Instructions for the task> Return, exactly and in full, the lines of the records below starting at the one with "Pre-owned Givenchy Long" and ending at the one with "Durillo seto medio", and no other lines.

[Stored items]
******************************
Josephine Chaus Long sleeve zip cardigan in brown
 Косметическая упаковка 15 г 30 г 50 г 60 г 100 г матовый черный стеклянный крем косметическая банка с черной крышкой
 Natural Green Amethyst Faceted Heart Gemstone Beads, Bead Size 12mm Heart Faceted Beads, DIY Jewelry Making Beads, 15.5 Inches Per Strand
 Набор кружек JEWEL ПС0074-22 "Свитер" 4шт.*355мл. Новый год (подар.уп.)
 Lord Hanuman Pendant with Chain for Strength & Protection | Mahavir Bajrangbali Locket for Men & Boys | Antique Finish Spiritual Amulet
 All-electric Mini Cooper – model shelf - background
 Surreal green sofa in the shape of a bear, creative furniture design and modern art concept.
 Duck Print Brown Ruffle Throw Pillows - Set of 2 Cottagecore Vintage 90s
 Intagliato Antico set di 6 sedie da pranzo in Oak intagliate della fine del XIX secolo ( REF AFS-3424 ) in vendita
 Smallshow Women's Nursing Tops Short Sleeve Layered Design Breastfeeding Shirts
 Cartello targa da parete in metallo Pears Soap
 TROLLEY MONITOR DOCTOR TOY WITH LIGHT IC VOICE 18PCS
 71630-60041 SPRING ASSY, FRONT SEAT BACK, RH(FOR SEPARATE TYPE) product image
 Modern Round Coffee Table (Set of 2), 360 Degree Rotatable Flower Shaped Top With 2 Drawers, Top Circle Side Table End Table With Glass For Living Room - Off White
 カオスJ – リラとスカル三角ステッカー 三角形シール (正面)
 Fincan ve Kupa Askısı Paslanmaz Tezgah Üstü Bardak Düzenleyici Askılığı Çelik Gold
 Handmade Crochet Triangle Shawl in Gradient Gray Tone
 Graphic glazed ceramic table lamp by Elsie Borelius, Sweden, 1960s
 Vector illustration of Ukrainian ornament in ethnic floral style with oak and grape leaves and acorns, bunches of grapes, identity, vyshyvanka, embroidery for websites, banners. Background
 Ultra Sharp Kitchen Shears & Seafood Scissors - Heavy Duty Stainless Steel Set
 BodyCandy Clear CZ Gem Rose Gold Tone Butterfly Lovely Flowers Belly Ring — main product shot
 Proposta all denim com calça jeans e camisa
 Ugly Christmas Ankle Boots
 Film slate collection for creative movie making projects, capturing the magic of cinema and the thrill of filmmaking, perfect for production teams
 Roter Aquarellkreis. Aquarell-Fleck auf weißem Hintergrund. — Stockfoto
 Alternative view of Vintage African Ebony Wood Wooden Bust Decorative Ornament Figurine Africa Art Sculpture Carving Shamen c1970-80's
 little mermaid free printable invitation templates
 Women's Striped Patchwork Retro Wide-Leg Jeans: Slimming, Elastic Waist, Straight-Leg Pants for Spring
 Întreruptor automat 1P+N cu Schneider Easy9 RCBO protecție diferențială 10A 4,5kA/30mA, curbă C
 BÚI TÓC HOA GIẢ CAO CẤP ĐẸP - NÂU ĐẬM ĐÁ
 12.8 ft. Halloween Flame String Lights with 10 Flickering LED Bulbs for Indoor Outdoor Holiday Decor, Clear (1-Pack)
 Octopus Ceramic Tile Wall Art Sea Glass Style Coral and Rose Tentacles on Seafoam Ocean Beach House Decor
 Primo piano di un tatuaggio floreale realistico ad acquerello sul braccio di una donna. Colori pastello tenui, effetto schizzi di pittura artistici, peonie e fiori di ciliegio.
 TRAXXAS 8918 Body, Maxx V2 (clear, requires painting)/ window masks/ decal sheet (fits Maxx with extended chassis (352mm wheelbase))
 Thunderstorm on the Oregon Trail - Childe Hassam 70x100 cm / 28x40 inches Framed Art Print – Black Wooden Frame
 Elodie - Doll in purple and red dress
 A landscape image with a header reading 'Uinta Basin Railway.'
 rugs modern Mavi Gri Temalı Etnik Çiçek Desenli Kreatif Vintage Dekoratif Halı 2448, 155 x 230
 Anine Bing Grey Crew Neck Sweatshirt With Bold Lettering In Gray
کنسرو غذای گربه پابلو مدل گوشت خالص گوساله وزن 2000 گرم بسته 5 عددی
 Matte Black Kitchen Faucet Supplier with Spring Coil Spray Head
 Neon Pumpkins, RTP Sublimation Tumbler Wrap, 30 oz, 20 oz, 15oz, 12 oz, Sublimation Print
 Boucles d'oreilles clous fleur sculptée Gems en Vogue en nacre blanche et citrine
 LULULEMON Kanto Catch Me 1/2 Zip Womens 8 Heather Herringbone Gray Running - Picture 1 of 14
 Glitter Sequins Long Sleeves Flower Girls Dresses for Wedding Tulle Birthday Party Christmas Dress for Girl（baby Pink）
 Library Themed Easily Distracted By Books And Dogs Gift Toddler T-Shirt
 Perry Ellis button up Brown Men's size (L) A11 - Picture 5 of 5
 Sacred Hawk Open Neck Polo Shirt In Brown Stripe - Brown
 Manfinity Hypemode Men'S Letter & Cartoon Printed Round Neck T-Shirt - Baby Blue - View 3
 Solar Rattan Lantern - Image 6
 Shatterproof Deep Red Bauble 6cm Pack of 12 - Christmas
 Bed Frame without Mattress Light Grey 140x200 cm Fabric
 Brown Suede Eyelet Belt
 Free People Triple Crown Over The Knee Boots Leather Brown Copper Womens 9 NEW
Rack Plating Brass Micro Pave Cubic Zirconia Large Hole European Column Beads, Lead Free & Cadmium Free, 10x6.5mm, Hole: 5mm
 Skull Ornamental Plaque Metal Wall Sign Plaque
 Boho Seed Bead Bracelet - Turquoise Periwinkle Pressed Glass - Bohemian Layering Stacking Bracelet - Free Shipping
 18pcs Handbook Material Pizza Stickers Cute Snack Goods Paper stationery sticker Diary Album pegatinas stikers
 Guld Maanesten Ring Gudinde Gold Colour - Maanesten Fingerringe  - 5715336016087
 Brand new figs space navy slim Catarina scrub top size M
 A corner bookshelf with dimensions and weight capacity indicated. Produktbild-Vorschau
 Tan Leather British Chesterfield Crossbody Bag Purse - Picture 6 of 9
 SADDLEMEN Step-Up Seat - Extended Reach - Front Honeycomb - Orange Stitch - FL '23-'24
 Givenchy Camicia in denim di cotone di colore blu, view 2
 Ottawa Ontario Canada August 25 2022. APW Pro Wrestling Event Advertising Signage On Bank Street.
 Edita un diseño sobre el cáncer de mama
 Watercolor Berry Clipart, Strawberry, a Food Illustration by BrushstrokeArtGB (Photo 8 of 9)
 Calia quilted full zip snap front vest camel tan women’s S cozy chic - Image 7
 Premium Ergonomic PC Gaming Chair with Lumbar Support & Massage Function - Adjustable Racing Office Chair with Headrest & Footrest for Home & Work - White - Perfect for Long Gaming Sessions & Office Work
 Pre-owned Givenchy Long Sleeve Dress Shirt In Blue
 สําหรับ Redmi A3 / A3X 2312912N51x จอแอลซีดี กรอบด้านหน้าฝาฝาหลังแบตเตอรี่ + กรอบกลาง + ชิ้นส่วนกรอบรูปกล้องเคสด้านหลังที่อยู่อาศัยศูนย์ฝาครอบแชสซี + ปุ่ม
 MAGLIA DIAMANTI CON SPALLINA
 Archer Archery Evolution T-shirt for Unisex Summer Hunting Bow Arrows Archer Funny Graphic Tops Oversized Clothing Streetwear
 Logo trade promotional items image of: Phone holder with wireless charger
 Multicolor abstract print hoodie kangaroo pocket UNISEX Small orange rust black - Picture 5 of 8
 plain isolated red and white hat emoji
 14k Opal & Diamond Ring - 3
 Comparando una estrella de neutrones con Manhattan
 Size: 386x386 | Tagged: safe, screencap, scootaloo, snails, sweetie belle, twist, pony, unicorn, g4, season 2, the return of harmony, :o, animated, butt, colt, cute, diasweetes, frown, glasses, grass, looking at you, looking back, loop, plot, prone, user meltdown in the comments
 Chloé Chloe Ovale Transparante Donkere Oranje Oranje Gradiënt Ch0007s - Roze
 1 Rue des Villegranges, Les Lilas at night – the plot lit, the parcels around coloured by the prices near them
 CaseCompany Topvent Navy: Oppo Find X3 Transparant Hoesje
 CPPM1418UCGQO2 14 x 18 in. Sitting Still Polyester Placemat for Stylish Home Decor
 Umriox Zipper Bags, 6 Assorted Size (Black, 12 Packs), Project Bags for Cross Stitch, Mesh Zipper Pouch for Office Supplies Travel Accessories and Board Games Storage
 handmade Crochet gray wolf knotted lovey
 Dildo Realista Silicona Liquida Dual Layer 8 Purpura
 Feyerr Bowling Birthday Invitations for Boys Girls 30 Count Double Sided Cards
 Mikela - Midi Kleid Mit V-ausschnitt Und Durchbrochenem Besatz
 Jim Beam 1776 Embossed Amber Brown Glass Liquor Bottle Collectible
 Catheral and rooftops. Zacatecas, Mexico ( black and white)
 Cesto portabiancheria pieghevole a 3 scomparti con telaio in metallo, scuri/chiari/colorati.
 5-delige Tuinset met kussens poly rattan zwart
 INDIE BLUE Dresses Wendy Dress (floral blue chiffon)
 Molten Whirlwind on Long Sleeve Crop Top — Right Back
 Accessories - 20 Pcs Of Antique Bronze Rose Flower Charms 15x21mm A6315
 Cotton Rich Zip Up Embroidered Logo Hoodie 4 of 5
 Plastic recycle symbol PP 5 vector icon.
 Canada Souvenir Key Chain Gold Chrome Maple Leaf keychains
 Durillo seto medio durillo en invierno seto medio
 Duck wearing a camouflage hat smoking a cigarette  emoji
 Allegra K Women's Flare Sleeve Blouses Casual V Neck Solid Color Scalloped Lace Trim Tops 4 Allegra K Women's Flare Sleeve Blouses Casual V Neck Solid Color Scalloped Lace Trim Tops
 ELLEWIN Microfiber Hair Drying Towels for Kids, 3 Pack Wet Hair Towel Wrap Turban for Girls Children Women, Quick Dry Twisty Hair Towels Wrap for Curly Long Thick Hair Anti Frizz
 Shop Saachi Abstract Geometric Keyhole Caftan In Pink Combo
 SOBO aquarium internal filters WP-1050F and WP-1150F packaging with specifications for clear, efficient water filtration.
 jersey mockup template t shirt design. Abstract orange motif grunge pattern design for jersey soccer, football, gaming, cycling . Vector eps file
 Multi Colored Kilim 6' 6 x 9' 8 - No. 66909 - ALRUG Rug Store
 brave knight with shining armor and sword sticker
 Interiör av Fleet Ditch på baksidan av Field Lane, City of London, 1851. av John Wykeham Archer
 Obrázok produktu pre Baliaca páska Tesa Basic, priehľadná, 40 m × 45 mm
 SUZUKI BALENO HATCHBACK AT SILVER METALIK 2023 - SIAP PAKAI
******************************
Response area>
 Pre-owned Givenchy Long Sleeve Dress Shirt In Blue
 สําหรับ Redmi A3 / A3X 2312912N51x จอแอลซีดี กรอบด้านหน้าฝาฝาหลังแบตเตอรี่ + กรอบกลาง + ชิ้นส่วนกรอบรูปกล้องเคสด้านหลังที่อยู่อาศัยศูนย์ฝาครอบแชสซี + ปุ่ม
 MAGLIA DIAMANTI CON SPALLINA
 Archer Archery Evolution T-shirt for Unisex Summer Hunting Bow Arrows Archer Funny Graphic Tops Oversized Clothing Streetwear
 Logo trade promotional items image of: Phone holder with wireless charger
 Multicolor abstract print hoodie kangaroo pocket UNISEX Small orange rust black - Picture 5 of 8
 plain isolated red and white hat emoji
 14k Opal & Diamond Ring - 3
 Comparando una estrella de neutrones con Manhattan
 Size: 386x386 | Tagged: safe, screencap, scootaloo, snails, sweetie belle, twist, pony, unicorn, g4, season 2, the return of harmony, :o, animated, butt, colt, cute, diasweetes, frown, glasses, grass, looking at you, looking back, loop, plot, prone, user meltdown in the comments
 Chloé Chloe Ovale Transparante Donkere Oranje Oranje Gradiënt Ch0007s - Roze
 1 Rue des Villegranges, Les Lilas at night – the plot lit, the parcels around coloured by the prices near them
 CaseCompany Topvent Navy: Oppo Find X3 Transparant Hoesje
 CPPM1418UCGQO2 14 x 18 in. Sitting Still Polyester Placemat for Stylish Home Decor
 Umriox Zipper Bags, 6 Assorted Size (Black, 12 Packs), Project Bags for Cross Stitch, Mesh Zipper Pouch for Office Supplies Travel Accessories and Board Games Storage
 handmade Crochet gray wolf knotted lovey
 Dildo Realista Silicona Liquida Dual Layer 8 Purpura
 Feyerr Bowling Birthday Invitations for Boys Girls 30 Count Double Sided Cards
 Mikela - Midi Kleid Mit V-ausschnitt Und Durchbrochenem Besatz
 Jim Beam 1776 Embossed Amber Brown Glass Liquor Bottle Collectible
 Catheral and rooftops. Zacatecas, Mexico ( black and white)
 Cesto portabiancheria pieghevole a 3 scomparti con telaio in metallo, scuri/chiari/colorati.
 5-delige Tuinset met kussens poly rattan zwart
 INDIE BLUE Dresses Wendy Dress (floral blue chiffon)
 Molten Whirlwind on Long Sleeve Crop Top — Right Back
 Accessories - 20 Pcs Of Antique Bronze Rose Flower Charms 15x21mm A6315
 Cotton Rich Zip Up Embroidered Logo Hoodie 4 of 5
 Plastic recycle symbol PP 5 vector icon.
 Canada Souvenir Key Chain Gold Chrome Maple Leaf keychains
 Durillo seto medio durillo en invierno seto medio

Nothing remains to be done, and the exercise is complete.